Il ricordo della tragedia del 2015
Il Presidente della Repubblica, Sergio Mattarella, ha commemorato il decennale del disastroso naufragio avvenuto nel Canale di Sicilia nel 2015, una delle più gravi tragedie marittime del Mediterraneo. In quel tragico evento, un numero spaventoso di migranti perse la vita o risultò disperso, tra cui decine di bambini. Queste persone, spinte dalla disperazione di fuggire da guerre, persecuzioni e miseria, si sono trovate nelle mani di organizzazioni criminali senza scrupoli, che le hanno abbandonate in condizioni di estremo pericolo.

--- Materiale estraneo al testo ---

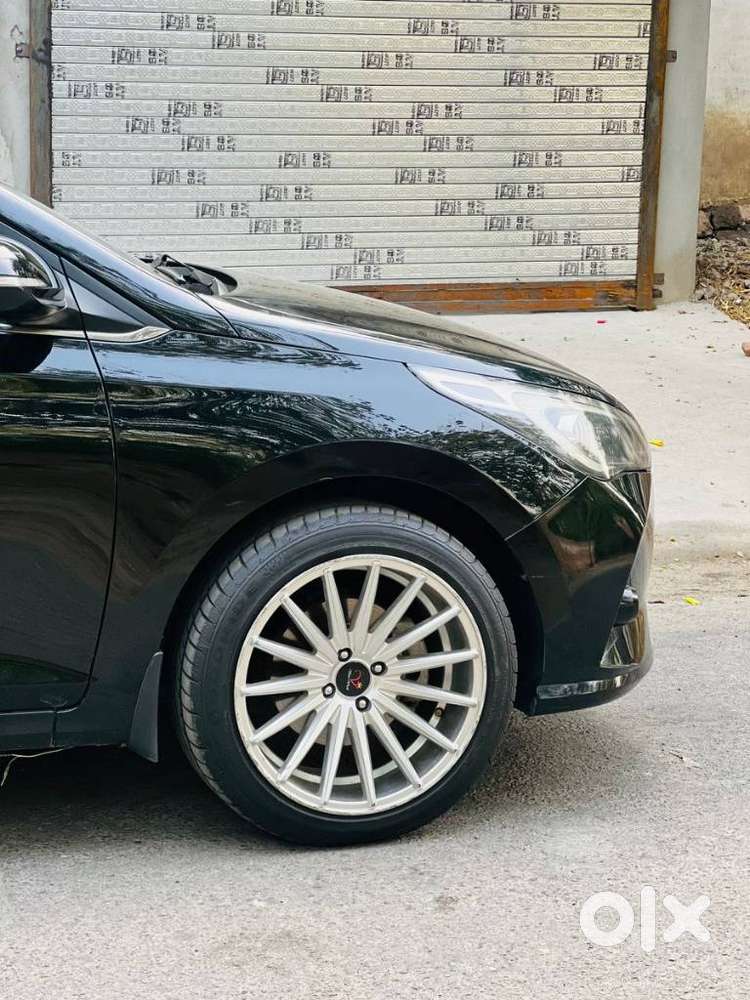 Hyundai Verna 1.5 Sx Diesel Mt, 2021, Diesel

L’appello per una gestione umana e legale dei flussi migratori
Mattarella ha sottolineato l’importanza di governare i movimenti migratori con un forte impegno da parte dell’Unione Europea. Ha ribadito che il contrasto all’illegalità e la lotta alla criminalità devono andare di pari passo con la creazione di canali e modalità di immigrazione legali, che rispettino la vita umana. Questo approccio, secondo il Presidente, è fondamentale per affrontare la complessità del fenomeno migratorio in modo coerente ed efficace.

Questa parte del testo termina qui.